Let's write up a little program (time_calc0.py) that will do a speed comparison test between a scalar multiplication on the CPU and then the same operation on the GPU. We will then use NumPy's allclose function to compare the two output values. We will generate an array of 50 million random 32-bit floating point values (this will amount to roughly 48 megabytes of data, so this should be entirely feasible with several gigabytes of memory on any somewhat modern host and GPU device), and then we will time how long it takes to scalar multiply the array by two on both devices. Finally, we will compare the output values to ensure that they are equal. Here's how it's done:

import numpy as np
import pycuda.autoinit
from pycuda import gpuarray
from time import time
host_data = np.float32( np.random.random(50000000) )

t1 = time()
host_data_2x =  host_data * np.float32(2)
t2 = time()

print 'total time to compute on CPU: %f' % (t2 - t1)
device_data = gpuarray.to_gpu(host_data)

t1 = time()
device_data_2x =  device_data * np.float32( 2 )
t2 = time()

from_device = device_data_2x.get()
print 'total time to compute on GPU: %f' % (t2 - t1)
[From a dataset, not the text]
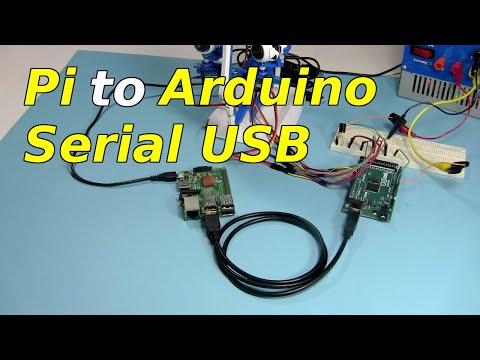 Raspberry Pi to Arduino Serial USB Communication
print 'Is the host computation the same as the GPU computation? : {}'.format(np.allclose(from_device, host_data_2x) )

(You can find the time_calc0.py file on the repository provided to you earlier.)

Now, let's load up IPython and run this a few times to get an idea of the general speed of these, and see if there is any variance. (Here, this is being run on a 2017-era Microsoft Surface Book 2 with a Kaby Lake i7 processor and a GTX 1050 GPU.):

We first notice that the CPU computation time is about the same for each computation (roughly 0.08 seconds). Yet, we notice that the GPU computation time is far slower than the CPU computation the first time we run this (1.09 seconds), and it becomes much faster in the subsequent run, which remains roughly constant in every following run (in the range of 7 or 9 milliseconds). If you exit IPython, and then run the program again, the same thing will occur. What is the reason for this phenomenon? Well, let's do some investigative work using IPython's built-in prun profiler. (This works similarly to the cProfiler module that was featured in Chapter 1, Why GPU Programming?.)

First, let's load our program as text within IPython with the following lines, which we can then run with our profiler via Python's exec command:

with open('time_calc0.py','r') as f:
     time_calc_code = f.read()

We now type %prun -s cumulative exec(time_calc_code) into our IPython console (with the leading %) and see what operations are taking the most time:

Now, there are a number of suspicious calls to a Python module file, compiler.py; these take roughly one second total, a little less than the time it takes to do the GPU computation here. Now let's run this again and see if there are any differences:

Notice that this time, there are no calls to compiler.py. Why is this? By the nature of the PyCUDA library, GPU code is often compiled and linked with NVIDIA's nvcc compiler the first time it is run in a given Python session; it is then cached and, if the code is called again, then it doesn't have to be recompiled. This may include even simple operations such as this scalar multiply! (We will see eventually see that this can be ameliorated by using the pre-compiled code in, Chapter 10, Working with Compiled GPU Code, or by using NVIDIA's own linear algebra libraries with the Scikit-CUDA module, which we will see in Chapter 7, Using the CUDA Libraries with Scikit-CUDA).